More people can afford a home Realtors' index reaches 17-year high

January 03, 1992|By Andrew Mollison | Andrew Mollison,Cox News Service

WASHINGTON -- Single-family homes were more affordable in November than at any time in the last 17 1/2 years, a report issued yesterday by the National Association of Realtors says.

The trend is expected to continue, because the Federal Reserve Board has acted since then to encourage even lower interest rates.

As usual, existing single-family homes were most affordable in the Midwest and South. But the report said that even in the Northeast and West, more families than usual could find affordable homes.

"The current affordability conditions -- low interest rates and relatively soft home prices -- are such that, if the economy were improving, the housing market would be going through the roof," said John A. Tucillo, chief economist for the 750,000-member Realtors group.

Most economists believe that worries about job security during hard times are keeping many families from deciding to buy houses they can afford.

In November, the typical family could afford payments on a house that cost 24.5 percent more than the typical home. That was the highest the monthly "housing affordability index" of the Realtors has been since May 1974.

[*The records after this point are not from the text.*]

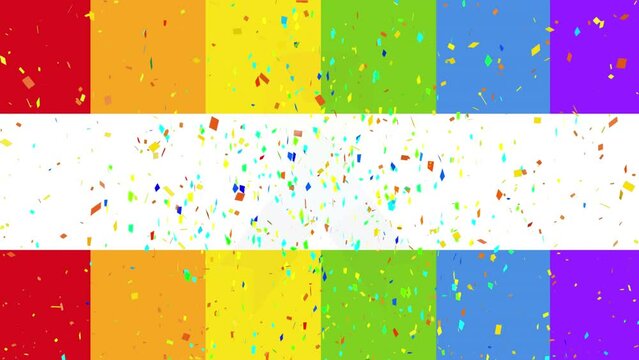 Animation of ribbon and confetti over rainbow background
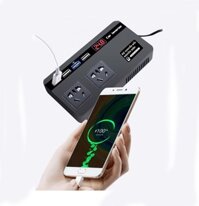 Bộ Biến tần ô tô chuyển đổi nguồn điện từ DC12V/24V sang AC 110/220V Ổ cắm điện với cổng USB tiện dụng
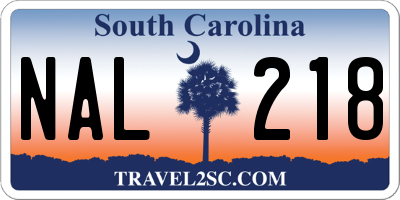 SC license plate NAL218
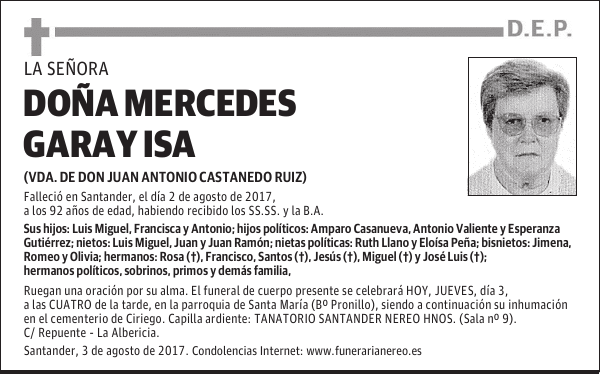 DOÑA MERCEDES GARAY ISA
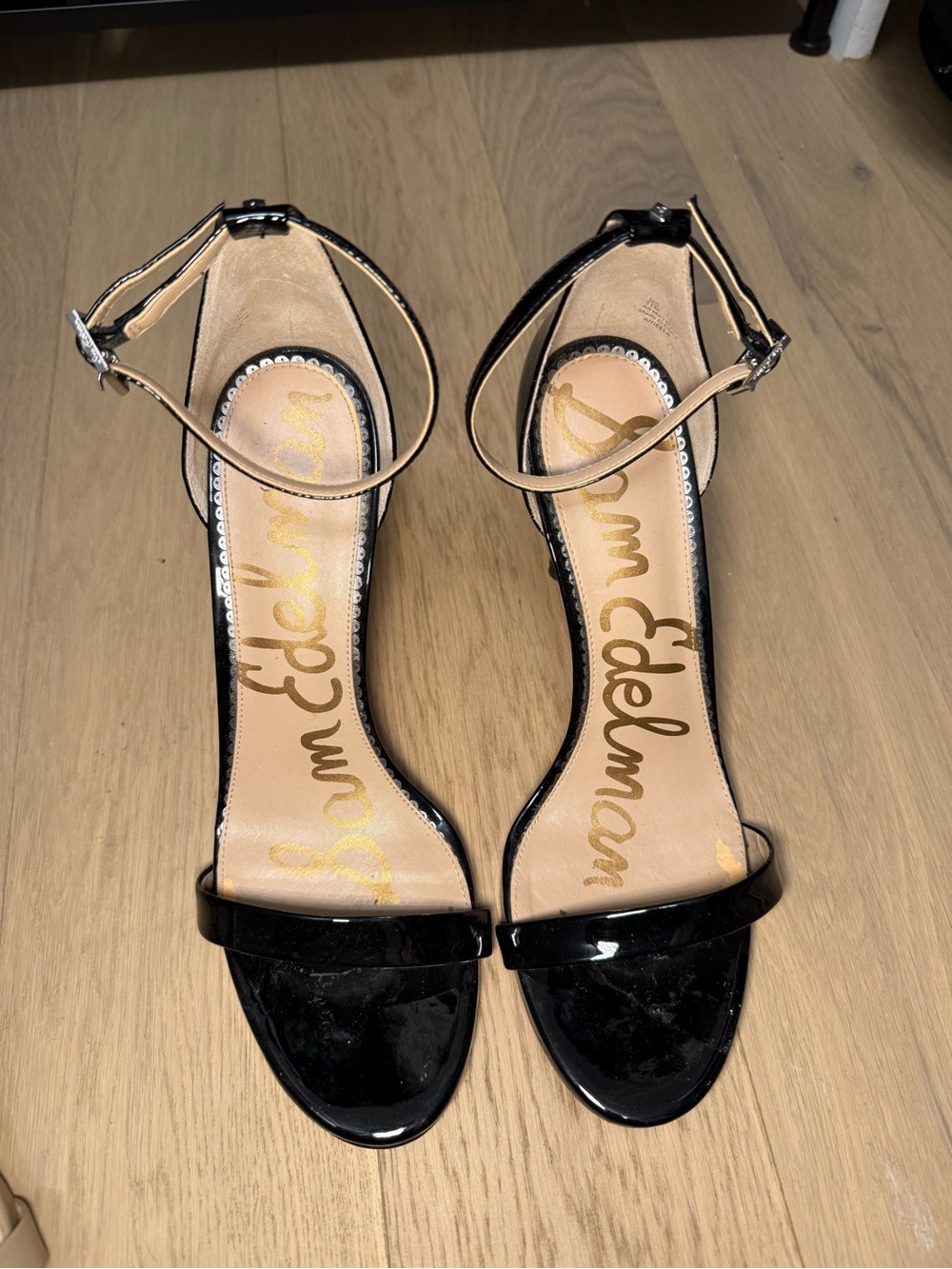 Sam Edelman Black Patent Open-Toe Ankle-Strap Heels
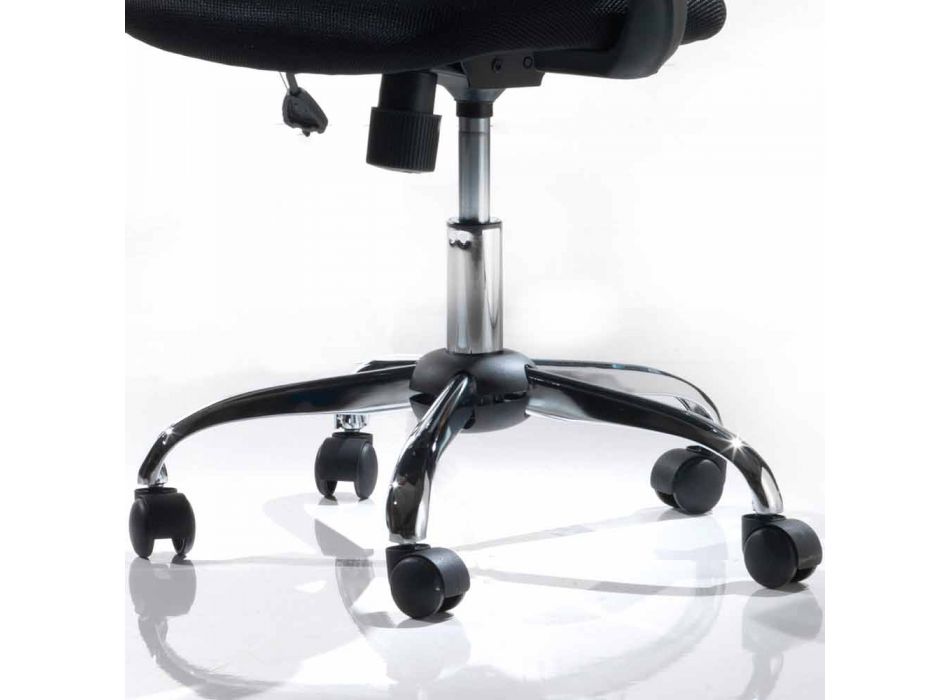 Chaise de bureau à roulettes pivotantes en tecnorete noir et tissu - Giovanna Viadurini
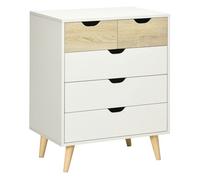 HOMCOM Cómoda con 5 Cajones y Patas Elevadas para Dormitorio Salón 60x40x77,5 cm White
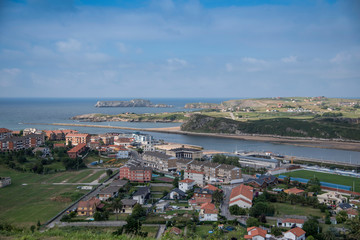 Views of the town of Suances, Cantabria, Spain from the Quinta del Amo viewpoint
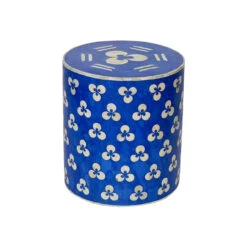 ChintamaniBone Inlay Drum Stool- Majorelle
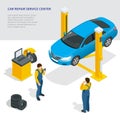 Car repair service center. Tire service flat set with shop car repair mechanics. Flat 3d isometric vector illustration.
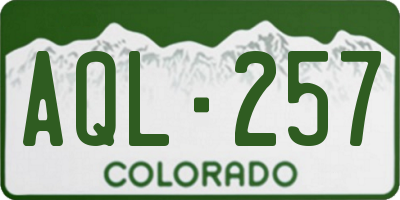 CO license plate AQL257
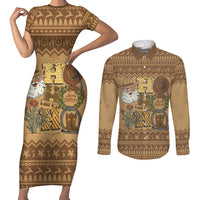 Western Cowboy Christmas Couples Matching Short Sleeve Bodycon Dress and Long Sleeve Button Shirt Cowboy Santa Ho Ho Ho Retro - Wonder Print Shop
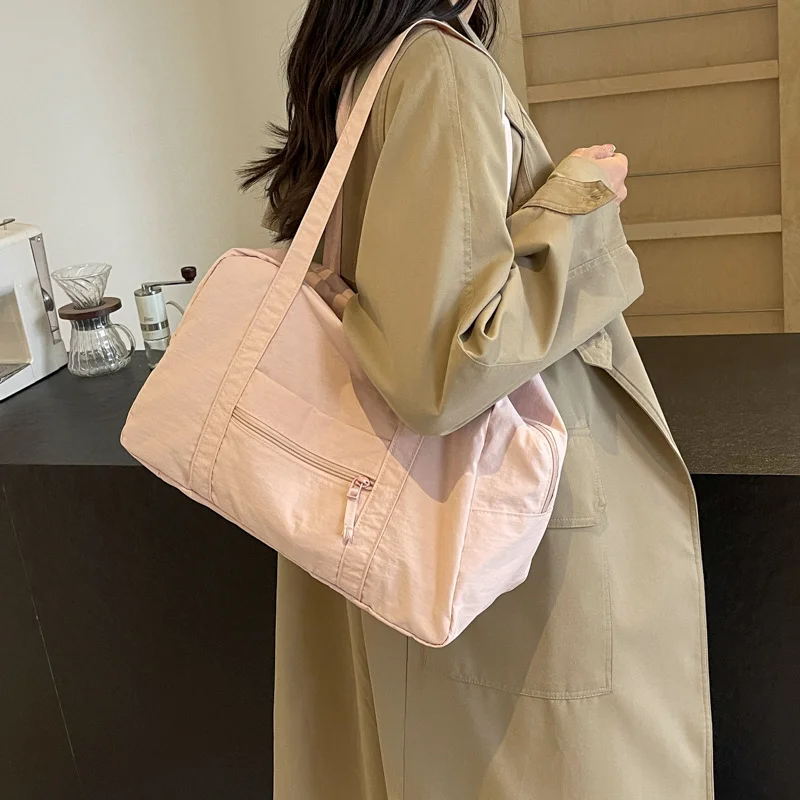 New Style  Versatile Solid Color Nylon Sport Gym Bag multi-pocket Large Capacity Leisure Zipper Women Shoulder Bag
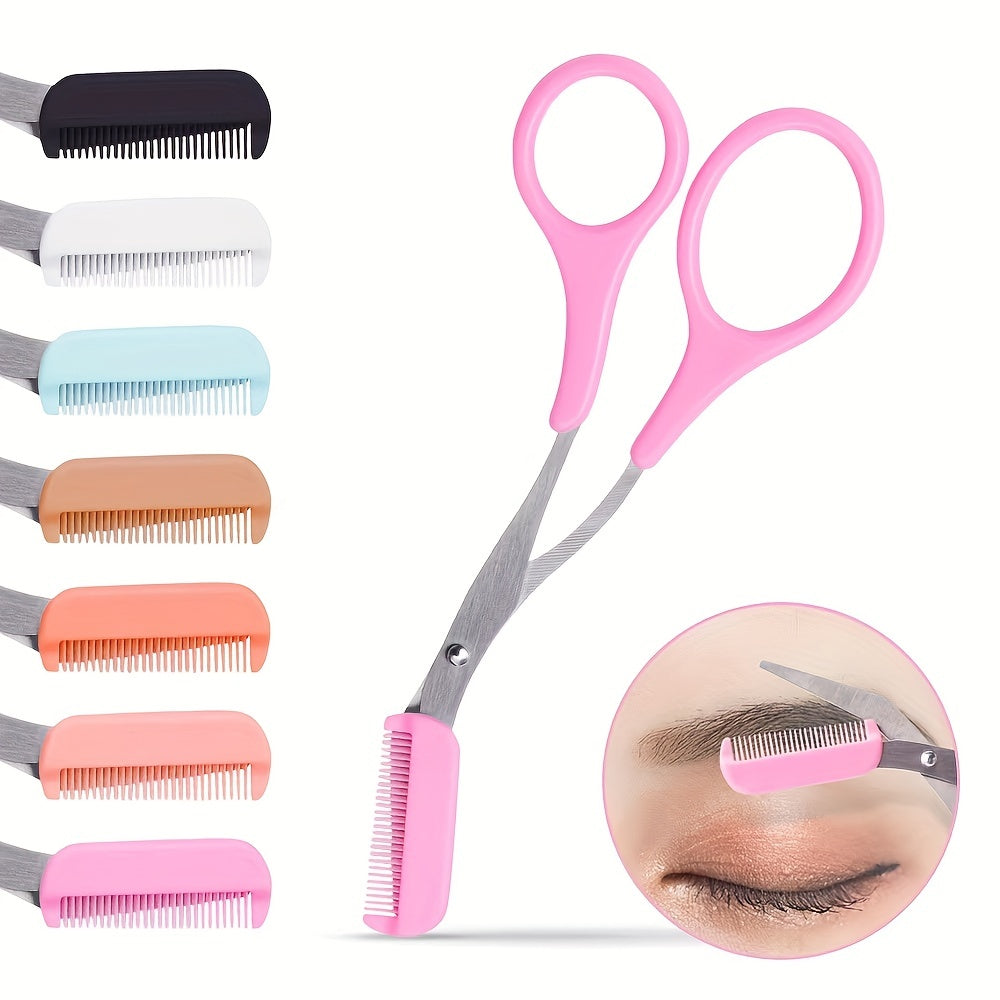 Tijera recortadora de cejas con peine para mujer y hombre, herramienta de maquillaje de acero inoxidable para depilación y modelado de cejas.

The report covered trends in mortgage rates, median family incomes and median home prices. At the median, half are higher and half are lower.

Two trends helped buyers:

* The average interest rate for mortgages fell in November to 8.7 percent, down 1.3 points in a year.

* Median family income rose in November to $36,584, up $1,326 in a year.

One trend helped sellers:

* The resale price for a single-family home was $97,800. Though below the high of $103,600 reached in July, that was still $5,800 above the median price in November 1990.

Over the one-year period, the lower interest rates and higher incomes far outweighed the rise in the cost of homes. The typical monthly mortgage payment dropped by $32 a month, down to $612.

In the Midwest, median family income rose to $37,780. An income of only $23,714 would be enough to qualify for a mortgage with payments of $494 on a home costing the median price of $77,700.

In the South, median family income was $32,919. An income of only $26,502 would cover payments of $552 on a home costing the median price of $87,300.

But in the Northeast, the median family income slid to $40,216. That was below the $42,229 income level needed to qualify for a mortgage with payments of $880 monthly for the region's median-priced home, which cost $138,000.